En tant qu’expert culturel pour l’Afrique de l’Est et l’Afrique australe, nommé par l’OIF, comment faites-vous la promotion de la musique locale ?
Ce n’est que l’année dernière que j’ai été nommé expert culturel pour l’Afrique de l’Est et l’Afrique australe par l’OIF. Toutefois, cela fait déjà cinq ans que je suis expert culturel de l’organisation pour l’océan Indien. A ce titre, j’ai fait la promotion de la musique de mon pays et des îles voisines. S’il y a deux mois, j’ai tourné avec un groupe de Madagascar pour 19 concerts en Europe et avec Wanlov le mois dernier, il ne faut pas oublier que pendant cinq ans, j’ai donné des concerts avec Menwar aux Etats-Unis, en Afrique et en Europe. Et que depuis Kaya, il y a 25 ans, je n’ai pas arrêté de promouvoir notre musique locale à travers des concerts à l’étranger avec Racinetatane, Eric Triton, OSB, Michel Legris et Linzy (Bacbotte), entre autres. Si aujourd’hui, des groupes non Mauriciens me demandent de travailler avec eux, c’est un peu étonnant mais c’est une suite logique pour moi.

 

Pourquoi est-ce si difficile pour la musique locale de s’exporter ? Quels sont les défis à relever en ce sens ?

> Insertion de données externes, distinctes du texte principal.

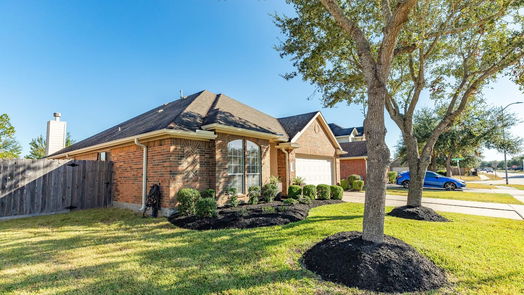 Pearland null-story, 4-bed 6003 Village Grove Drive-idx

La musique locale s’exporte déjà. Eric Triton, OSB, Menwar et d’autres l’ont prouvé. Nous sommes une petite île avec une histoire peu ancienne. Nous ne pouvons nous attendre à avoir sur la scène internationale autant d’artistes que le Sénégal ou le Mali qui sont de grands pays aux traditions ancestrales. Mais Maurice est, j’en suis certain, un des pays ave le plus grand nombre de musiciens au km2. Notre diversité est une richesse peu ou mal valorisée. Il n’y a aucune structure pour aider la musique contemporaine, peu de studios de répétition, de salles de concert et d’espaces de création pour les jeunes. Les défis à relever sont surtout du côté de l’Etat. Pourquoi ne pas avoir une institution comme le Mahatma Gandhi Institute (MGI) pour la musique locale moderne ? Je pense que la culture, à Maurice, est trop basée sur le socioculturel et pas assez sur l’art et la culture. Hélas, je ne pense pas que les politiciens d’aujourd’hui en sont conscients. Car, comme pour le secteur culturel, la scène politique locale  est trop fortement ancrée dans le socioculturel et le communalisme.